Tag: groente

De teloorgang van Colruyt

Op internet slaat Colruyt me voortdurend om de oren met dit bericht:

Colruyt2

Nu ben ik sinds jaar en dag klant bij dat bedrijf, waar ik maandelijks een slordige vijfhonderd euro besteed, al gebeurt dat de laatste tijd met aanzienlijk minder enthousiasme.Ze laten immers steeds vaker steken vallen:

─  artikelen die ik pleeg aan te schaffen, verdwijnen plots en onaangekondigd uit het assortiment en keren nooit meer terug;
─ het aantal lege rekken neemt stelselmatig toe, naar verluidt omdat ze bij leveranciers niet de gewenste prijs kunnen bedingen;
─  de kwaliteit van wat ze aan fruit en groente aanbieden, laat zeer te wensen over.

Bij mijn laatste bezoek kocht ik onder meer:
– Pruimen … die gewoon niet te pruimen waren.
– Witte druiven … die enkel als pitloze variant beschikbaar waren en waar kraak noch smaak aan zat. Echt een foute hap.
– Gele kiwi’s … die pas na een eeuwigheid rijp zijn en zelfs dan nog een lamentabel resultaat opleveren.
– Bananen … die weliswaar eetbaar zijn, maar geenszins het niveau van Chiquita of Fyffes halen.

Colruyt betrekt fruit en groente grotendeels bij een handelaar die Papillon heet en uitpakt met een nogal onnozele slogan: “fruitzinnig lekker fruit”.

Fruitzinnig lekker?! Hoe verzinnen ze het en daar klopt dus geen ene donder van. Minderwaardig spul, dat is wat ze verkopen.

Ik ga voortaan wel naar een groenteboer.

Dat ruimt lekker op

Jopididoe! Wat keken we blij gisterenmorgen. Mijn hart zong op van vreugde toen ik me gezapig, want fietsend, door het bedaarde West-Vlaamse landschap voortbewoog, want ze zijn er eindelijk aan begonnen, zij het op treuzelige wijze.

Ik heb het over het rooien, het oogsten, het hakselen … ja, hoe heet dat kortwieken van mais eigenlijk? Tijdens mijn fietstocht zag ik namelijk twee niets ontziende machines, die zich meedogenloos een weg door dat gewas baanden en de hoogbenige stengels neermaaiden als waren het lucifershoutjes. Opgekrast staat netjes, al kan men het stoppelveld dat achterblijft bezwaarlijk met een schoonheidsprijs bedenken.

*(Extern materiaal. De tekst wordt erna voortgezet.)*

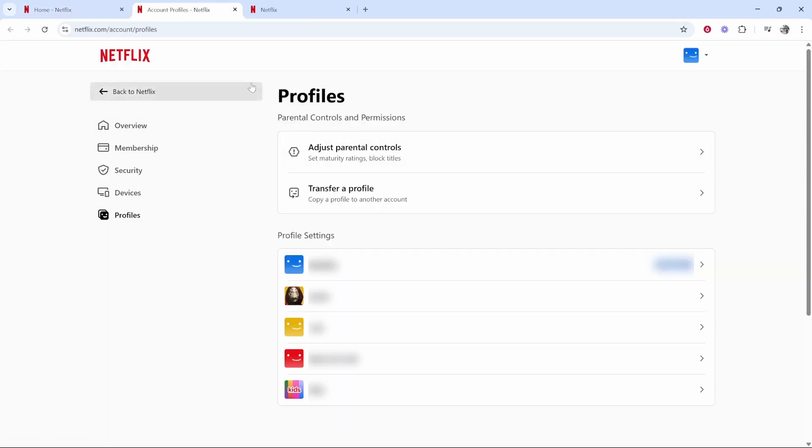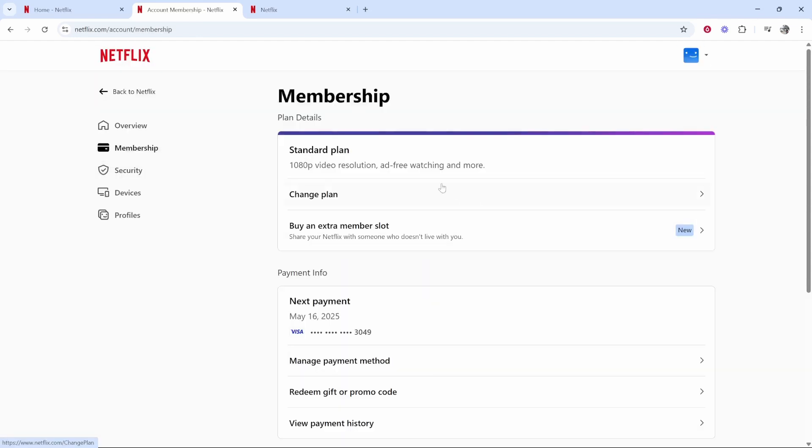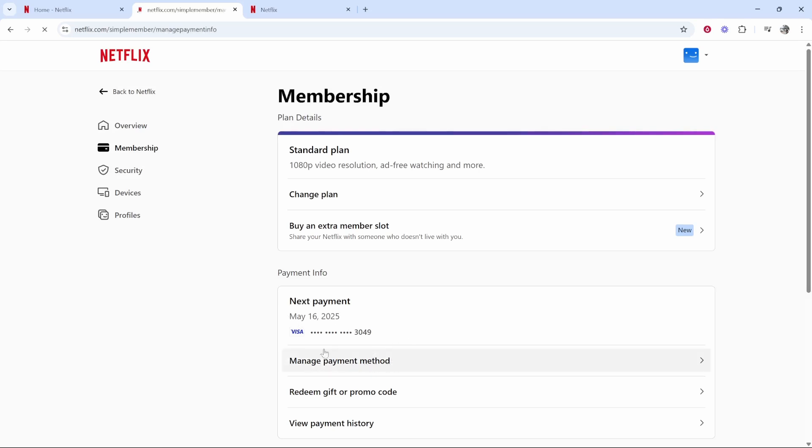Profile settings. From here, we can click on Membership. Once you've done that, you'll then be able to see Payment Info, and you'll see when the next payment will go out. You can then click Manage Payment Method.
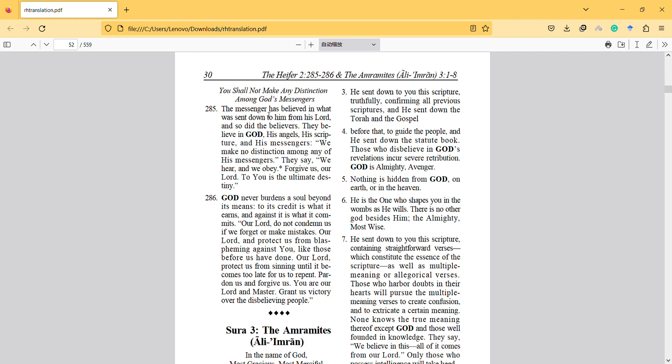That's why God says that we shall not make any distinction among God's messengers. Because we cannot assess God's messengers. If we claim to say that one is better than another one, it means that we are a sort of God and we can see their future and their assessment.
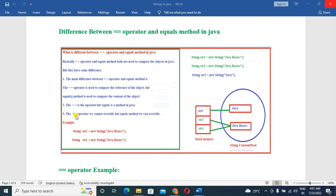The equal operator is used to compare objects in Java.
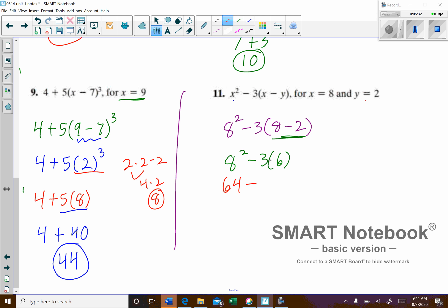The next thing is the multiplication: 3 times 6 gives us 18. So now we have 64 take away 18, which is 46.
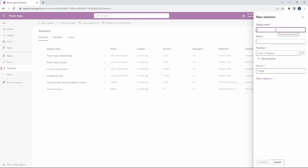For this solution I'm going to be doing a Business Onboarding solution. As I bring new hires into my company, they're going to go through a process — an initial intake, a first interview, a second interview — and we're going to have different tables associated to that so we can track the information, whether it was approved or denied by management, and then our final approval as they onboard to our company. So I'm going to call this solution Business Onboarding.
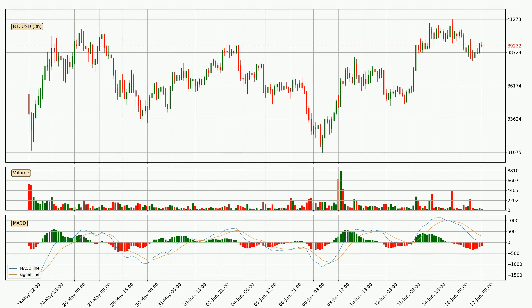Moving to the three-hourly MACD, the trend is currently going down because the MACD line is below the signal line. However, the MACD histogram shows that the momentum is currently shifting to the upside and it could be expected that the price will consolidate for some time. You should wait to see if the MACD line will cross the signal line, which will be bullish.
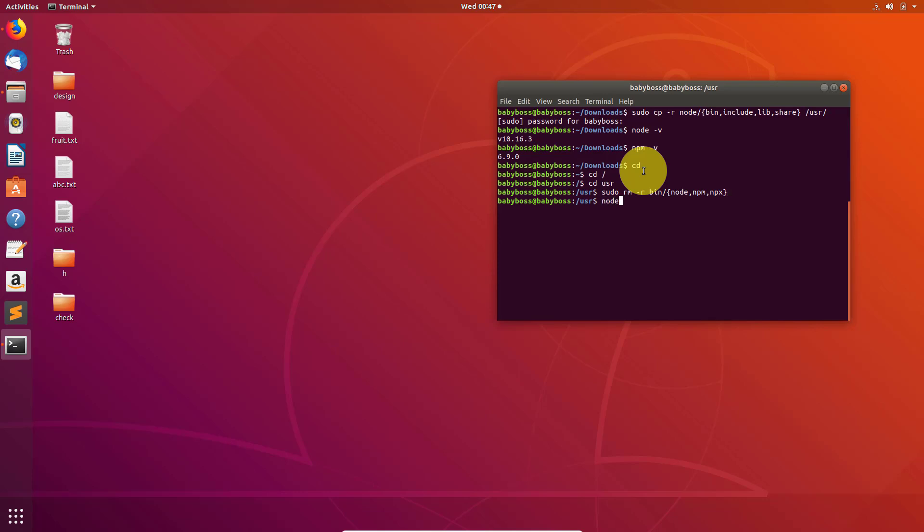npx. Now the Node.js is removed as well as npm. Thank you so much for watching, bye, take care.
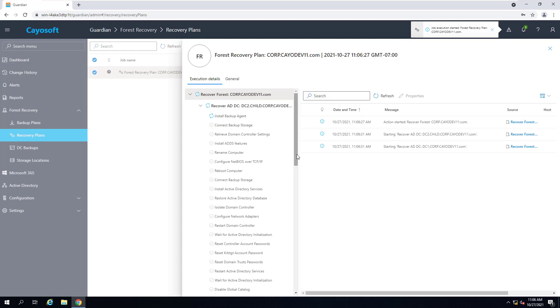When this is finished, I will have a fully functional copy of my Active Directory forest on two new virtual machines.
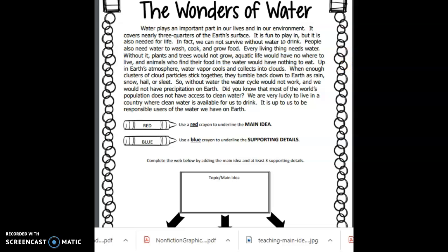And then the very last thing that really stuck out to me is that without the water cycle, we would not have precipitation on Earth. That's going to be very important. So that ties back to the piece about the environment — it's very important to the environment. Hopefully this very short paragraph gave you a bit of insight into how to identify the main idea and supporting details. We're going to practice a little bit more this week, so don't worry. We're going to be going through this together. All right, see you soon.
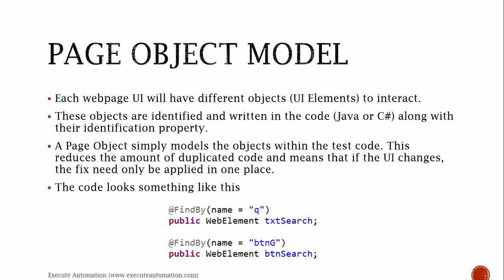The next model is the Page Object Model. Each web page UI will have different objects - UI elements to interact with. These objects are identified and written in code like Java or C# along with their identification properties.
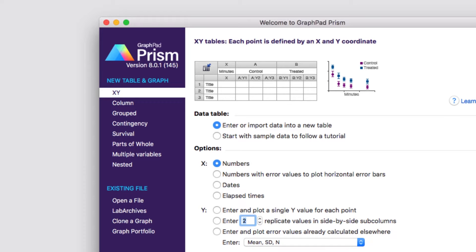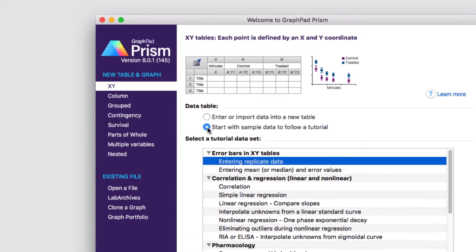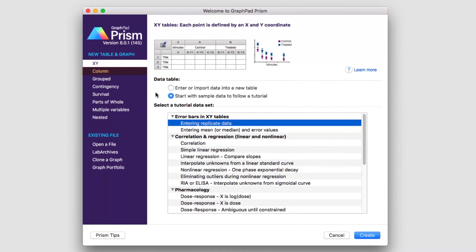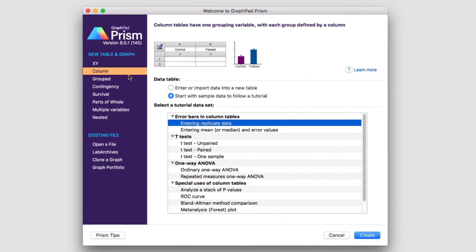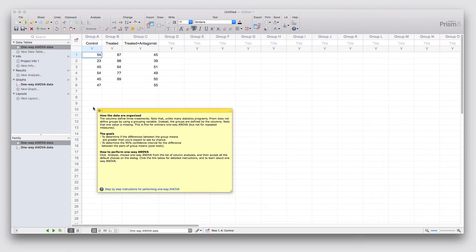Each of the data tables in Prism comes preloaded with a set of tutorial data that you can use to understand how the tables are structured and how to perform different analyses within those tables. To access the tutorial data sets for any of the data tables, simply select the data table that you'd like to work with, and then choose the option Start with Sample Data to Follow a Tutorial. We're going to start by using the tutorial data set for an ordinary one-way ANOVA under the Column Data Table. Clicking Create brings up the project file and shows you the tutorial data.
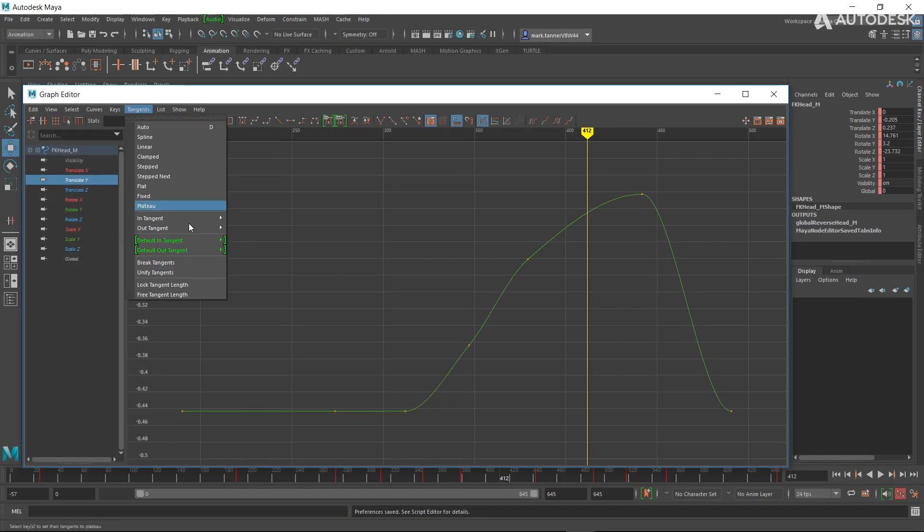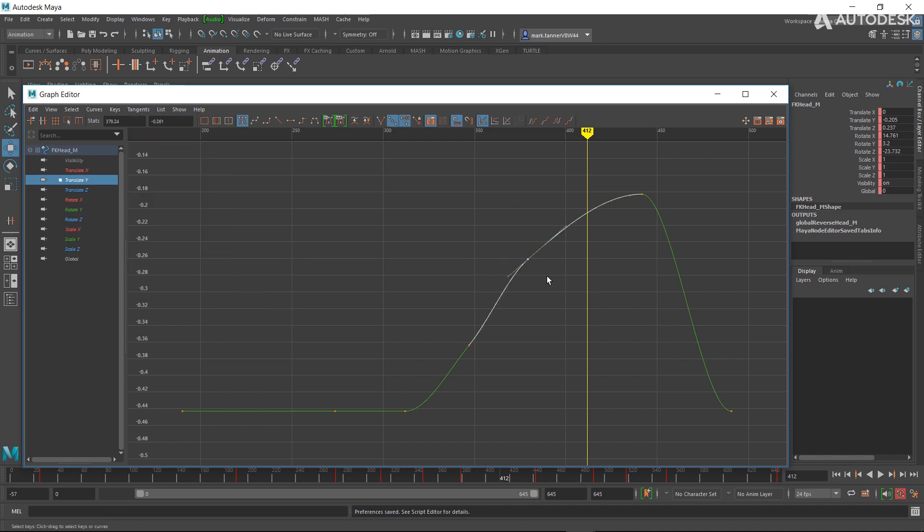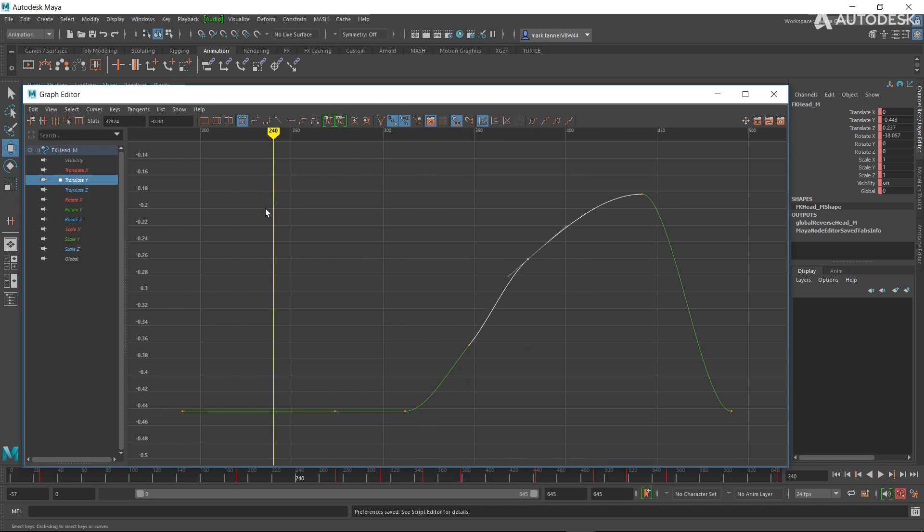For tangents, it's the same thing. We can go default in tangent, we can change that. We can go default out tangent, we can change that. We did this because we realized that animators do this all the time. So I might want a different tangent weight as I'm keyframing something. I might want clamped, I might want linear.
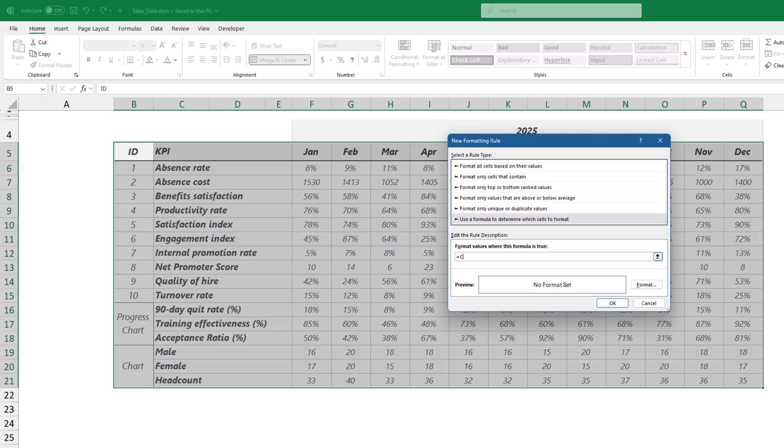Type cell, then use the Protect keyword as a first argument. The cell function retrieves various properties of a cell. By using Protect as the first argument, it checks if the referenced cell is locked.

Ik haat mais vanuit mijn tenen. Die beplanting belemmert in niet geringe mate mijn kijk op de wereld en op kruispunten is het een ronduit gevaarlijke uitzichtbelemmering.

Nu nog het suikerriet en het bamboe … en ik ben helemaal in mijn knollentuin.

maisoogst

Ik vraag maar raak

Ik houd me al bijna mijn hele leven onledig met het uitzoeken van prangende kwesties: vragen waarop ik pas na flink wat vijven en zessen en dan nog mondjesmaat een enigszins afdoend antwoord vermag te verzinnen.

Zo heb ik me bijvoorbeeld het ongans gezocht naar de verschillen tussen een gans en een eend, tussen een boot en een schip, of tussen een rivier en een stroom. Tegenwoordig probeer ik uit te vogelen wanneer ik tijdens het koken in een gerecht uien dan wel sjalotten dien te gebruiken. Ik raak er maar niet wijs uit.

Naar verluidt zou een sjalot over een delicatere smaak beschikken, maar eerlijk gezegd merk ik daar weinig van en dat veroorzaakt een flinke deuk in het imago van fijnproever dat ik mezelf graag aanmeet. Het verschil voel ik vooral in mijn portemonnee, want sjalotten zijn aanzienlijk duurder dan uien.

Ik had mijn moeder tekst en uitleg moeten vragen toen ze nog leefde. Zij was dusdanig bedreven in de kunst van het koken, dat ze er haar beroep van maakte en met fraai gecomponeerde gerechten duizenden mensen tot het aanheffen van jubelzangen dreef. Ze zou het me ongetwijfeld haarfijn uitgelegd hebben, want ze wist haar weetje wel.

Ik tast dus vooralsnog in het duister en blijf sjalot een koddige naam vinden voor een groente. Nu ja, dat is artisjok ook. En komkommer. En pompoen. En rammenas. En … basta!

Aangezien ik nog nooit van sjalottensoep gehoord heb, begeef ik me nu naar de keuken om daar uiensoep klaar te stomen, met alle gevolgen van dien. Zoals Erasmus al schreef in zijn Adagia: Suus cuique crepitus bene olet. Iedereen vindt zijn eigen winden prima ruiken.